I agree, and am optimistic that improvements can be made.

Defer is not widely implemented. Opera and Webkit today will run a
script before a stylesheet loads. Allowing the author to provide
information about what a script depends on (or doesn't) would not
break functionality in those cases (where such functionality is
already "broken").

<script depends="" ...

when depends is empty string, the script depends on nothing else.

>>> Ah, that is one thing that Gecko does do: we don't start _layout_ (as
>>> opposed to parsing) until all the stylesheets in <head> have loaded.
>>
>> For Firefox 3.0, IMG and SCRIPT that are part of the body are fetched
>> around this time. They are not fetched prior.
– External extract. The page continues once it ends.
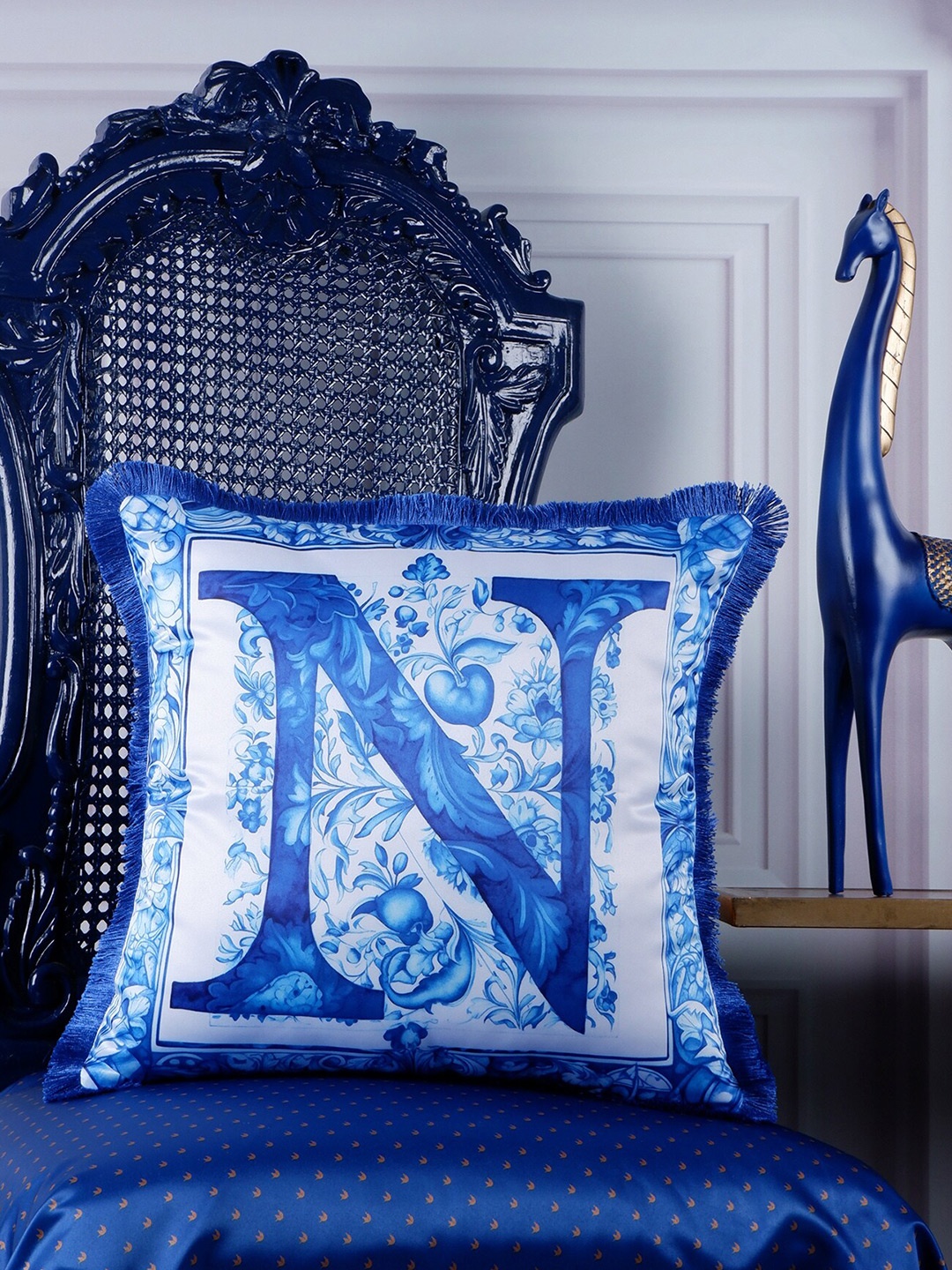 

THE WHITE INK DECOR Indigo Story Blue & White Floral Satin Square Cushion Cover
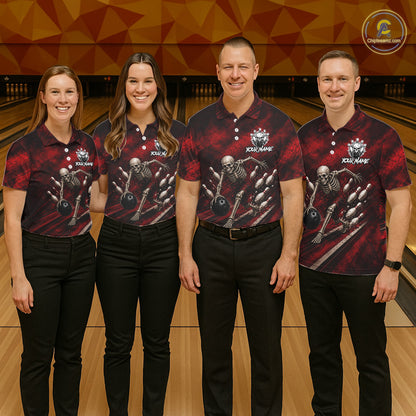 Personalized Bowling Tournament Jersey & Custom Team Shirts, Red Skeleton Bowling Polo For Men NHT1601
Why not?
>
> Because you have <script>s after your stylesheets, not just stylesheets.
>  Really, controlled experiments are hard.  You have to hold all but one
> variable constant.
>

OK, I modified the example:

http://localhost/jstest/block/link-img-noscript.html

The bottom script will not load ('load' as opposed to 'run') in
Firefox/3.0.6 until after 5 seconds.

+-------------------------+-------------------------------+
| req                     | HTTP date                     |
+-------------------------+-------------------------------+
| link-img-noscript.html  | Sun, 15 Feb 2009 05:08:52 GMT |
| rgmetal.jpg             | Sun, 15 Feb 2009 05:08:52 GMT |
| delay.jsp?ct=text...    | Sun, 15 Feb 2009 05:08:52 GMT
 |
| example.js              | Sun, 15 Feb 2009 05:08:57 GMT |
+-------------------------+-------------------------------+
(table to be viewed in a monospace font)

The result shows that example.js loads 5 seconds after the initial
page load. example.js waits for the stylesheet to load.
Not the case in 3.1; what you are arguing is true there.
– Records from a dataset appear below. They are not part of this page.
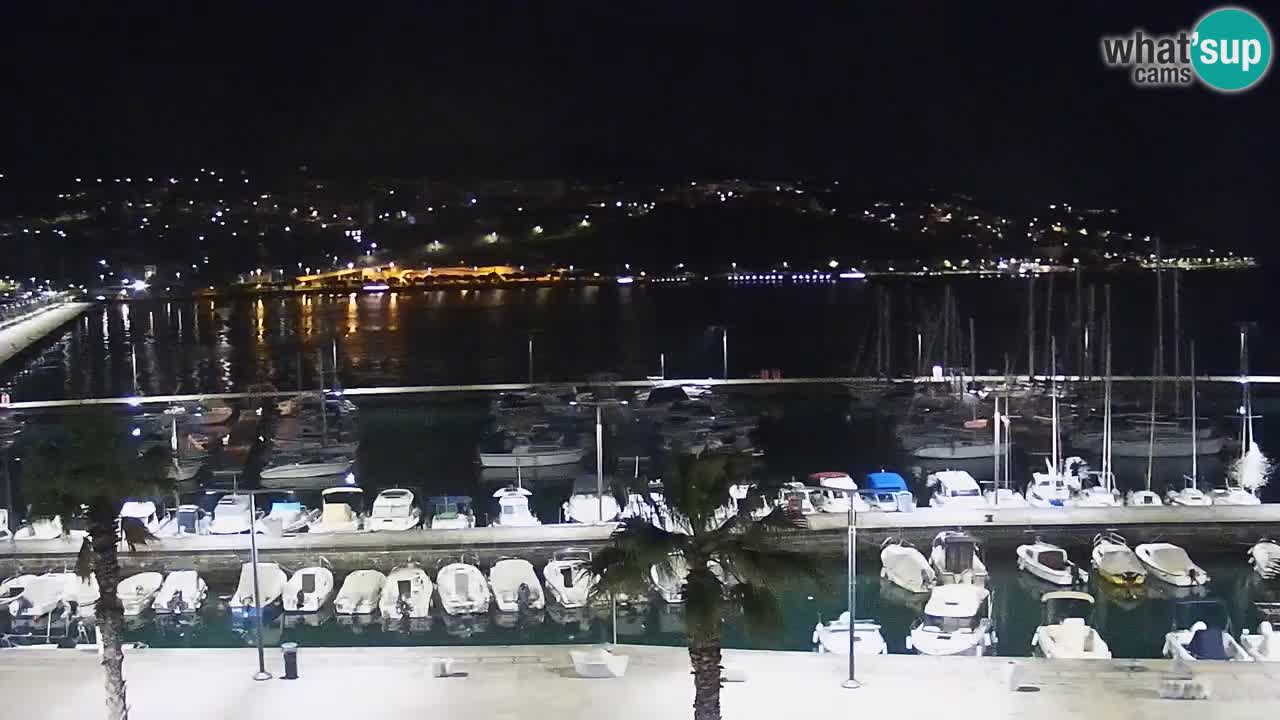 Webcam Koper – Panorama des Jachthafens und der Promenade vom Hotel Grand Koper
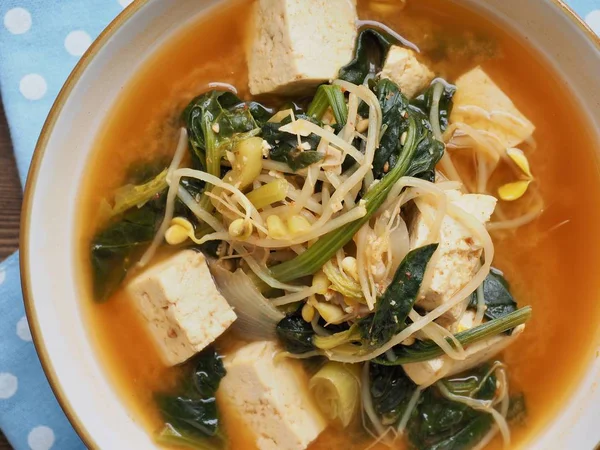 Comida Coreana Espinafre Brotos Feijão Soja Pasta Sopa — Fotografia de Stock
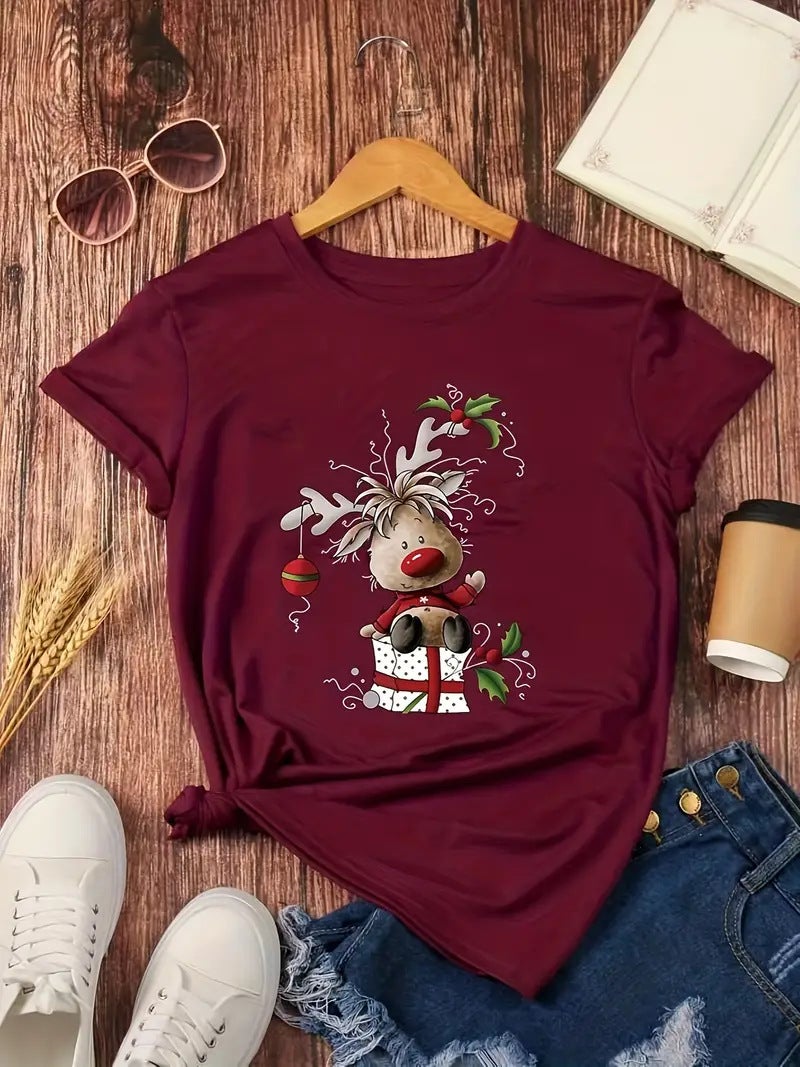 2020 New Cartoon Giraffe Pattern Women'S Printed T-Shirt Willful Buy - Image 1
>> In that case, the link would not block layout.
>
> Yes, which is why you get a performance hit when it loads.  But I thought we
> were talking about stylesheets that don't "really" affect layout
> (late-loading stylesheets, which you wanted).
>

Late-loading stylesheets would improve load time.

My concern is with the recomputation you mentioned. Can you elaborate
on that, or point me to a webpage that explains it?
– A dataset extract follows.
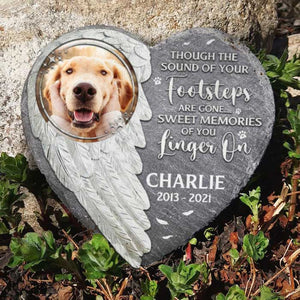 Souvenirs inoubliables - Pierre commémorative personnalisée, pierre tombale pour animaux de compagnie - Télécharger une image, cadeau commémoratif, cadeau de condoléances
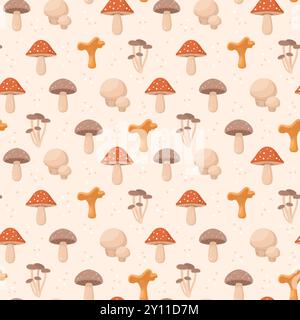 Seamless pattern with forest mushrooms on a beige background. Flat vector illustration Stock Vector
>> In "Shiretoko" 1.9.1b3pre, a deferred script waits for all stylesheets
>> to load before running. However, this is not guaranteed behavior in
>> any standard.
>
> True.  At least not yet.  I suspect it's pretty much required for web
> compat, though, which is why it's implemented that way.  Or at the very
> least the scripts need to wait for the stylesheets that came before them.
>

I would disagree with that on the basis that defer is not widely supported.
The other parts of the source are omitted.